António Costa tinha definido um guião o mais soporífero possível para o congresso da Batalha: apresentou uma moção muito pouco ideológica e quis travar a ‘esquerdização’ do PS que a sua vitória contra Seguro e a posterior construção da geringonça permitiram. 

Tendo a maioria absoluta como objetivo principal, a ementa do congresso era recentrar o partido e evitar ao máximo o debate interno. Isso foi claro quando, logo no discurso de arranque, Costa fez questão de minimizar a novidade da existência de um governo minoritário do PS com o apoio do PCP e Bloco de Esquerda, insistindo apenas na ideia de este era o «PS de sempre». Quando o último Congresso do partido aconteceu a geringonça tinha apenas seis meses – e tanto PCP como Bloco de Esquerda foram aplaudidos pelos socialistas. Desta vez foram genericamente ignorados. 

A ideia de diminuir ao máximo o debate interno esteve na cabeça da direção do PS desde o primeiro minuto. A organização do Congresso, por exemplo, decidiu que o tempo reservado aos discursos dos congressistas seria minimal. Aliás, muitos dos delegados aos congressos viram-se impedidos de falar – quando foram tentar ‘tirar senha’ foram informados que já estavam esgotadas. Costa visivelmente não queria grande conversa – enquanto nos recentes congressos do PSD e do CDS toda a gente falou pela noite fora, no congresso do partido do Governo os trabalhos acabaram na sexta-feira e no sábado à hora do jantar. O guião estava preparado para um aplauso unânime ao chefe e nada mais. 

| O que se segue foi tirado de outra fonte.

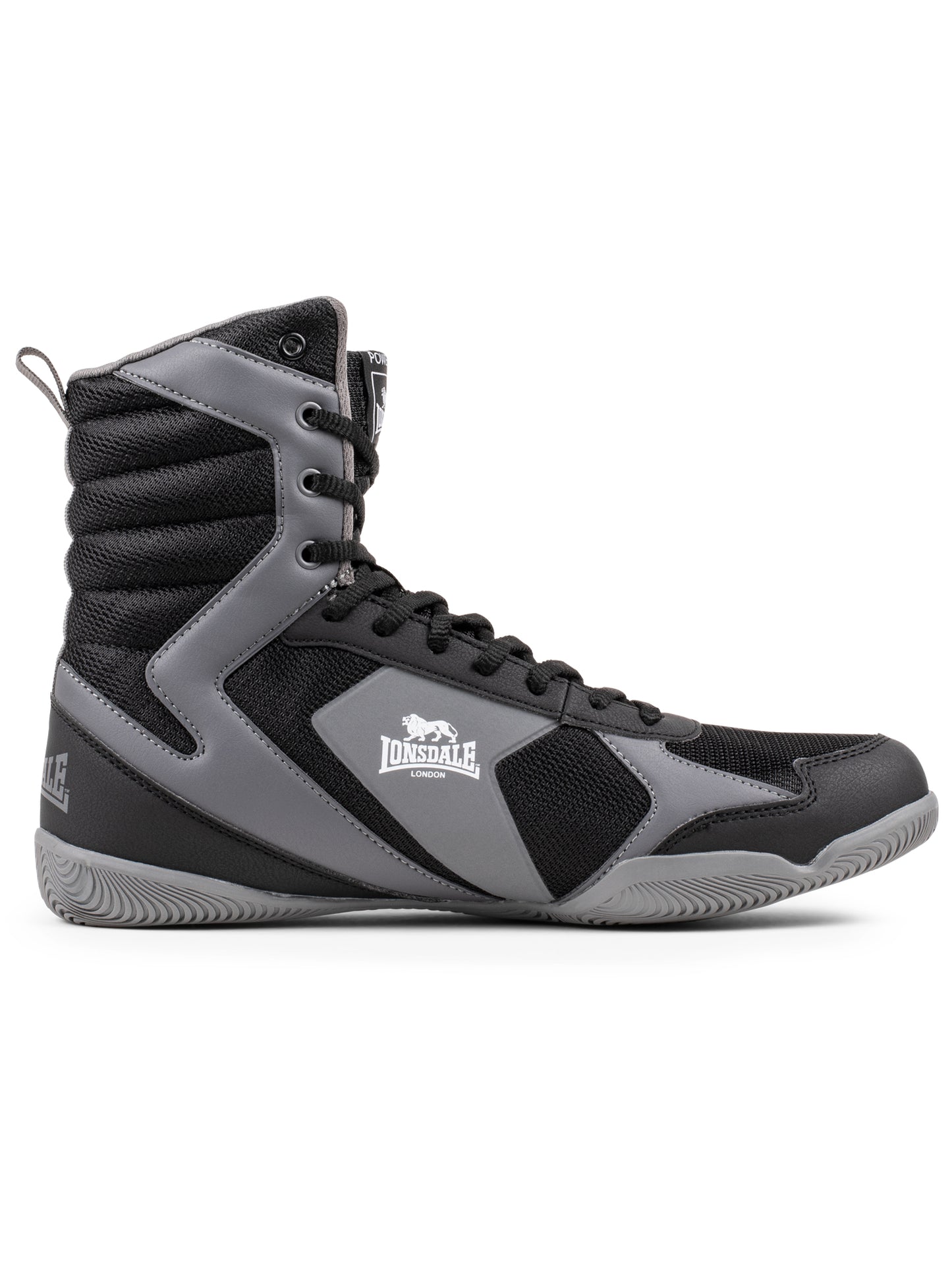 Schwarz-graue Lonsdale Boxschuhe aus Mesh mit gutem Grip und Knöchelstütze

Aquilo que era para ser um congresso sem história, apesar de ser o último antes das legislativas, transformou-se numa sessão de inesperada aclamação, menos ao líder em funções do que ao provável futuro líder – Pedro Nuno Santos. António Costa não levantou o Congresso, Pedro Nuno conseguiu fazê-lo, num discurso de defesa da aliança à esquerda e de candidato a secretário-geral que fez disparar a adrenalina dos congressistas.

«Não é com o PSD ou com o CDS que vamos proteger o sistema público de pensões. O mesmo com a educação, o mesmo com a saúde. Caros e caras camaradas, isto não é populismo, isto não é radicalismo, isto é ser socialista!», disse Pedro Nuno Santos na Batalha, numa daquelas proclamações que entusiasmaram o congresso e que Fernando Medina iria acusar, pouco depois, de mais não ser que «retórica vazia». 

Ao fugir ao guião de Costa, Pedro Nuno Santos pode ter comprado uma guerra com o líder. Os próximos tempos dirão como é que Costa vai lidar com o challenger. Há um novo PS dentro do PS que ameaça o novo centrismo protagonizado pelo secretário-geral.